A lo largo de la última década hemos asistido impávidos a una democratización de lo humano y lo divino sin precedentes. Zara nos convirtió a todas en it girls e Ikea transformó nuestras casas en moradas de revista. Mientras Letizia Ortiz emparentaba la realeza con la república, las réplicas de todo tipo nos ponían el lujo a precio de horchata. Los móviles los regalaban con los paquetes de yogures, Ryanair te llevaba a Estocolmo por menos que un bonobús y los futbolistas humanizaban el concepto de nuevo rico. El cine, la literatura y la música pasaron a ser de todos al módico precio de una descarga ilegal.

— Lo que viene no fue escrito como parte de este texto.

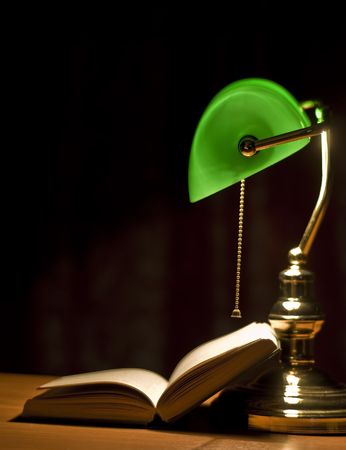 Electric green table lamp and opened bookの写真素材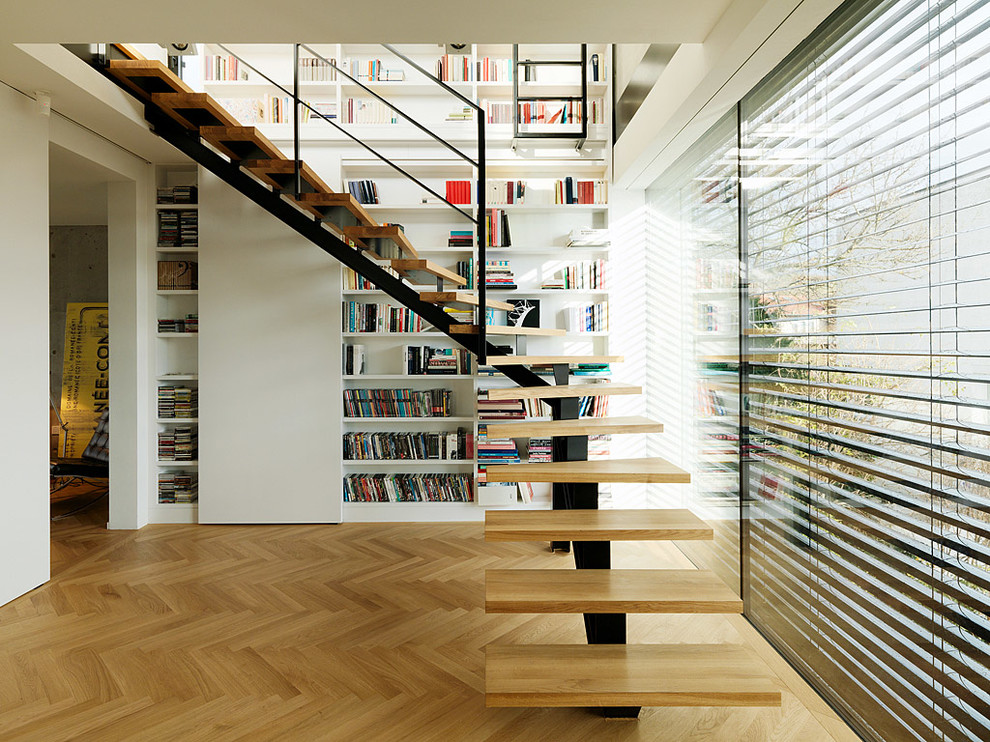 Trendy wooden l-shaped open staircase photo in Other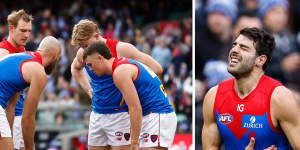 Demons players huddle around injured teammate Christian Petracca,before he leaves the field with a rib injury (right).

Pero sin duda lo que más se ha democratizado este siglo es la inversión. Todos somos inversores. En mayor o menor medida. Voluntariamente o a la fuerza. El piso lo compramos como inversión, el plan de pensiones para invertir en la jubilación, con estos ahorrillos un par de Telefónicas y cuarto y mitad de Repsoles a ver si suena la flauta, el colegio bilingüe para invertir en el futuro de los niños y el Porsche Cayenne para no ser menos que nuestros vecinos inversores. Invertir para crecer. En lo económico. Y ya saben que yo con lo del crecimiento no las tengo todas conmigo.
Este afán inversor indiscriminado nos ha puesto en un brete considerable principalmente por dos detallitos que hemos obviado con fervor. El primer detallito baladí es que la mayoría de las inversiones son, en términos de rentabilidad, malas a largo plazo. Aunque algunas, las menos, sean buenísimas o algunos, los menos, consigan tener un saldo positivo al final de su carrera inversora. Más que nada porque una buena inversión implica comprar barato y vender caro cuando en general, y gracias al cielo, lo normal es y debería ser comprar y vender a un precio justo para ambas partes.
Para muestra dos botones. Hay un estudio español sobre la rentabilidad de los fondos de pensiones en los últimos veinte años que pone de manifiesto que esta ha sido nula. Es decir, que les pagamos a los señores de estos fondos para que multiplicaran nuestros ahorros y de eso nada, lo comido por lo servido. Con suerte. Hay también otro estudio internacional de un Bakers and Brothers de la vida que redunda en lo mismo al determinar que el mejor sitio para haber tenido tu dinero en los últimos veinte años hubiera sido en un calcetín debajo del colchón. Como lo leen.
El otro problemilla de este planteamiento es que hemos necesitado tanto dinero para invertir que casi no nos ha quedado dinero para gastar. Tanto es así que se ha impuesto un culto a lo barato insostenible. Nos hemos desacostumbrado a pagar por lo que de verdad tiene valor. Para poder vender camisetas a precio de Inditex, o tienes el imperio de Amancio Ortega y te beneficias de unas economías de escala brutales y de un crecimiento exponencial, o produces las camisetas en le sótano de tu casa con una horda de niños chinos secuestrados y algodón radioactivo importado de Chernobyl. Pero lo de tener un negocio pequeño que te permita pagar sueldos dignos a tus empleados y tener unos escuetos beneficios a fin de mes se ha convertido en un milagro digno de Lourdes.
El afán inversor alcanza proporciones de tragedia griega cuando el dinero invertido era prestado, se desinfla la burbuja y te quedas sin inversión y con una deuda de recuerdo para el resto de tu vida. Que esto no lo supiéramos nosotros pasa. Pero que lo expertos y las instituciones públicas y privadas se hayan aprovechado para hacer un Agosto de ello clama al cielo.
Como bien me dijo un tío que de esto sabe mucho: Yo no conozco a nadie que se haya arruinado gastando.